Mr. Rajik-Al-Jalil, learned Deputy Attorney General, appearing on behalf of the appellants, submits that the High Court Division misconstrued clause-6 of the tender document and erred in holding that the writ-petitioner was not required to pay 15% VAT and as such, the impugned judgment should be set aside.
Mr. Fakrul Islam, learned Advocate-on-Record, appearing on behalf of the respondent, on the other hand, supports the impugned judgment, stating that, there is no scope for payment of 15% VAT.
We have considered the submissions of the learned Deputy Attorney General for the leave-petitioners, the learned Advocate-on-Record for the respondent, perused the impugned judgment and the materials on record.
At the very outset, it would be proper to go through the ground, on which, leave was granted as under:
The writ-petitioner participated in the tender by depositing Tk.1,64000/- as security money and became the highest bidder. On 15.05.1997, the bid of the writ-petitioner was approved. The writ-respondent No.3, Additional Deputy Commissioner (Rev), Sonamgonj, issued a letter dated 14.05.1997 asking the writ-petitioner to deposit Tk.1,64000/- within 3 days of the receipt of the letter. The writ-petitioner filed an application praying for time to deposit the entire money and the prayer was allowed up to 24.05.1997. On 22.05.1997, the writ-petitioner went to respondent N.4 and offered to deposit the bid money along with 3% income tax when writ-respondent No.4 verbally asked the writ-petitioner to pay 15% VAT and 5% L.R. fund. Since there was no express provision in the tender document for payment of 15% VAT, he requested writ-respondent Nos.3 and 4 for exemption of payment of VAT but to no avail.

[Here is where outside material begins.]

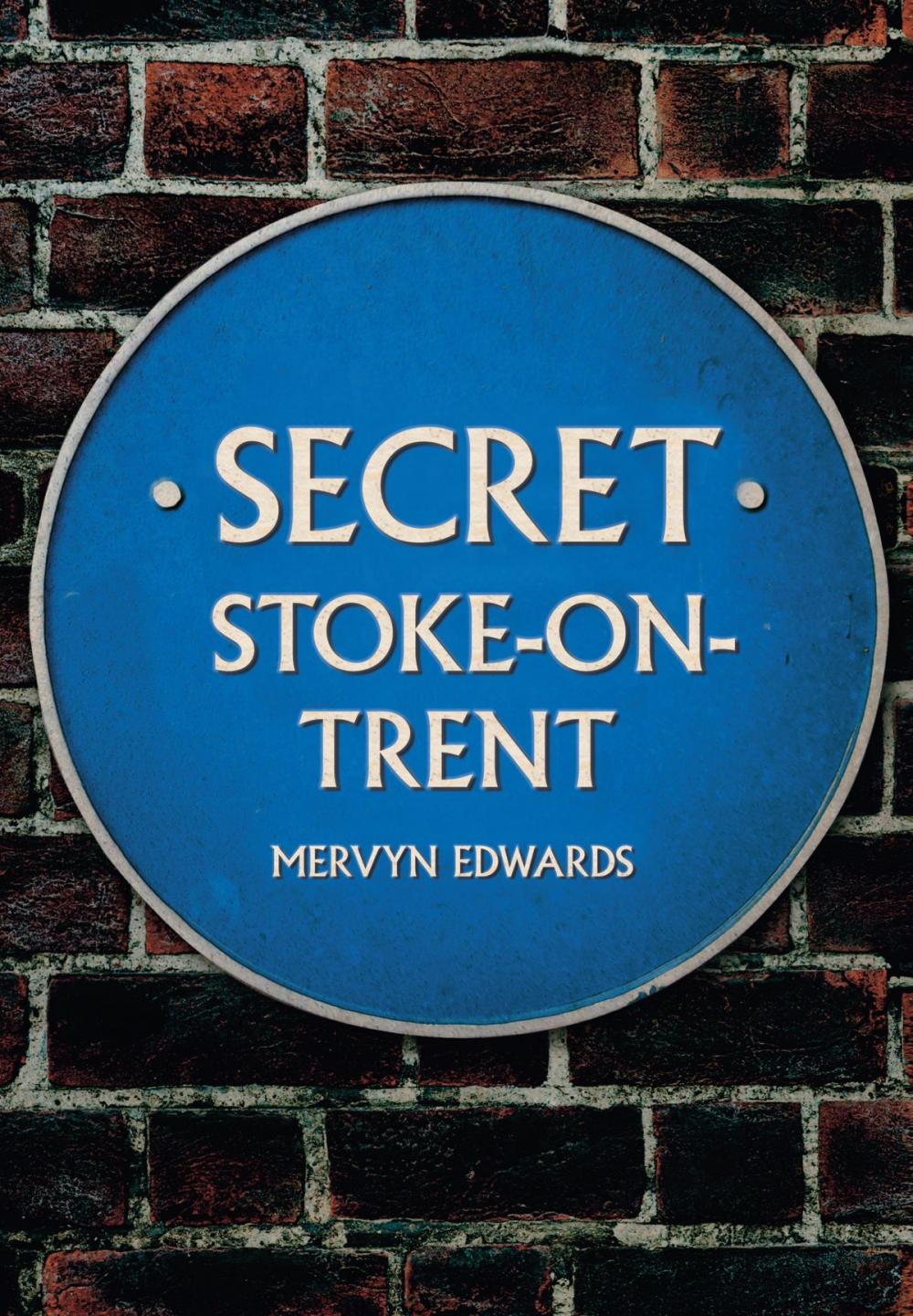 Big bigCover of Secret Stoke-on-Trent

It is pertinent to quote clause-6 of the tender document, which is under:
The only questions to be resolved whether the writ-petitioner was liable to pay 15% VAT. The settled principle is that forfeiture clause should be strictly construed. When the Government is dealing with the citizen or the public in the matter of leasing out fishery for a particular period on certain terms and the terms are not expressed, the Government must be fair and clean in such dealing. Reading the forfeiture clause of the tender document it does not appear to us that it contained the expressed provision for payment of VAT.
The expression ‘other tax’ would not include VAT because of the doctrine of ejusdam generis applicable in interpretation of statutes and documents. Dealing with this doctrine, Lord Halsbury L.C. states in Thames and Mersy Insurance Company Vs. Hamilton, Fraser and Company [(1987) 12 App Cas 448,419] as follows:
“Two rules of construction now firmly established as part of our law. One is that words, however general, may be limited in respect to subject matter in relation to which they are used. The other is that general words may be restricted to the same genus as the specific words that precede them.”

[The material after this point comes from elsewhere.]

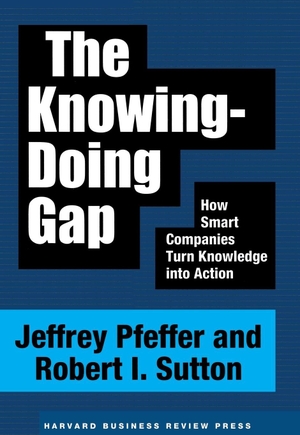 Pfeffer, Jeffrey / Robert I Sutton. The Knowing-Doing Gap - How Smart Companies Turn Knowledge Into Action. Harvard Business Review Press, 1999.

This doctrine is not only applicable in construction of statutory terms but also applicable in respect of terms used in contacts and other non-statutory terms. Referring to the case of Tillmanns and Company Vs. S.S. Knutsford Co. (1908) 2 K.B. 358, Odgers in his book, the Construction of Deeds and Statutes, 5th Ed. at page 184, furnished an example stating, “A ship was to be relieved from liability for not delivering cargo at a certain port or ports if it was in the opinion of the master unsafe to do so ‘in consequence of war, disturbance or any other cause’. The question arose whether a port inaccessible in the opinion of the master through ice was within the exception. It was held not to be so:“any other cause” must be construed to apply to causes ejusdam generis or similar to ‘war or disturbance’.”
In the light of the findings made before, we are of the view that the writ-petitioner is not required to pay 25% VAT. The findings and decision arrived at by the High Court Division having been based on proper appreciation of law and fact do not call for interference. Accordingly, the appeal is dismissed without any order as to costs.